- _What the exercise asks_:
Every line from the beginning of the records below up to the one holding "Hari Kishan" should be quoted exactly; leave out the rest.

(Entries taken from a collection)
*** Block opens ***

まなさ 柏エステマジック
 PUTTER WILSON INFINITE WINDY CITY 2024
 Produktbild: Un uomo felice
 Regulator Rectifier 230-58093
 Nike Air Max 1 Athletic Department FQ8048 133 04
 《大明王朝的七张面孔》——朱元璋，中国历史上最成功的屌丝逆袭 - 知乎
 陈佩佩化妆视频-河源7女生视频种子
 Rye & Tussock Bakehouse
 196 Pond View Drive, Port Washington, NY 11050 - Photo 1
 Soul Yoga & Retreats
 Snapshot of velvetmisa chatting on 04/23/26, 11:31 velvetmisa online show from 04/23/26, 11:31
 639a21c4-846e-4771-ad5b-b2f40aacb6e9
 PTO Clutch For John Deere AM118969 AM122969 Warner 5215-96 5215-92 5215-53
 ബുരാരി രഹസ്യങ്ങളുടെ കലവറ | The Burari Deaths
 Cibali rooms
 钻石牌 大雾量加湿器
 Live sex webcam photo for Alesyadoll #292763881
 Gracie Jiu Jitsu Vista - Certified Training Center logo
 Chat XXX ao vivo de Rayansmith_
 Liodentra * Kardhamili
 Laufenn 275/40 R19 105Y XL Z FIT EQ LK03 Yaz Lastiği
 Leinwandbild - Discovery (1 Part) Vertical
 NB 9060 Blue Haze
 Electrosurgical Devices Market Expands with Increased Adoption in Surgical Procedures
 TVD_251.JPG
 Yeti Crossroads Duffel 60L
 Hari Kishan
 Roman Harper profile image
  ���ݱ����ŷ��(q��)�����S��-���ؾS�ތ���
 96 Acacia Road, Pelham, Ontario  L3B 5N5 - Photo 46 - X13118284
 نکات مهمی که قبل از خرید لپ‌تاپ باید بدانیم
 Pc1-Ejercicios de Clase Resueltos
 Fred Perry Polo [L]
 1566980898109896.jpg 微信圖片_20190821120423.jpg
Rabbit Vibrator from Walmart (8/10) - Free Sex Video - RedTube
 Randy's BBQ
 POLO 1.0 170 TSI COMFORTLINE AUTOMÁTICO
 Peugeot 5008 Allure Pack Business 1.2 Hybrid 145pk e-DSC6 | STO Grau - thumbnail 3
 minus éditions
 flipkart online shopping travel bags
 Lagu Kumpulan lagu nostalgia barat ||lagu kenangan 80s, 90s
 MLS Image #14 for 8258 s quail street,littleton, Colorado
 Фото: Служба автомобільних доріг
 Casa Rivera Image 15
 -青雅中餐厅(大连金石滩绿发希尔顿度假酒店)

*** Block closes ***

- _Response below_:
まなさ 柏エステマジック
 PUTTER WILSON INFINITE WINDY CITY 2024
 Produktbild: Un uomo felice
 Regulator Rectifier 230-58093
 Nike Air Max 1 Athletic Department FQ8048 133 04
 《大明王朝的七张面孔》——朱元璋，中国历史上最成功的屌丝逆袭 - 知乎
 陈佩佩化妆视频-河源7女生视频种子
 Rye & Tussock Bakehouse
 196 Pond View Drive, Port Washington, NY 11050 - Photo 1
 Soul Yoga & Retreats
 Snapshot of velvetmisa chatting on 04/23/26, 11:31 velvetmisa online show from 04/23/26, 11:31
 639a21c4-846e-4771-ad5b-b2f40aacb6e9
 PTO Clutch For John Deere AM118969 AM122969 Warner 5215-96 5215-92 5215-53
 ബുരാരി രഹസ്യങ്ങളുടെ കലവറ | The Burari Deaths
 Cibali rooms
 钻石牌 大雾量加湿器
 Live sex webcam photo for Alesyadoll #292763881
 Gracie Jiu Jitsu Vista - Certified Training Center logo
 Chat XXX ao vivo de Rayansmith_
 Liodentra * Kardhamili
 Laufenn 275/40 R19 105Y XL Z FIT EQ LK03 Yaz Lastiği
 Leinwandbild - Discovery (1 Part) Vertical
 NB 9060 Blue Haze
 Electrosurgical Devices Market Expands with Increased Adoption in Surgical Procedures
 TVD_251.JPG
 Yeti Crossroads Duffel 60L
 Hari Kishan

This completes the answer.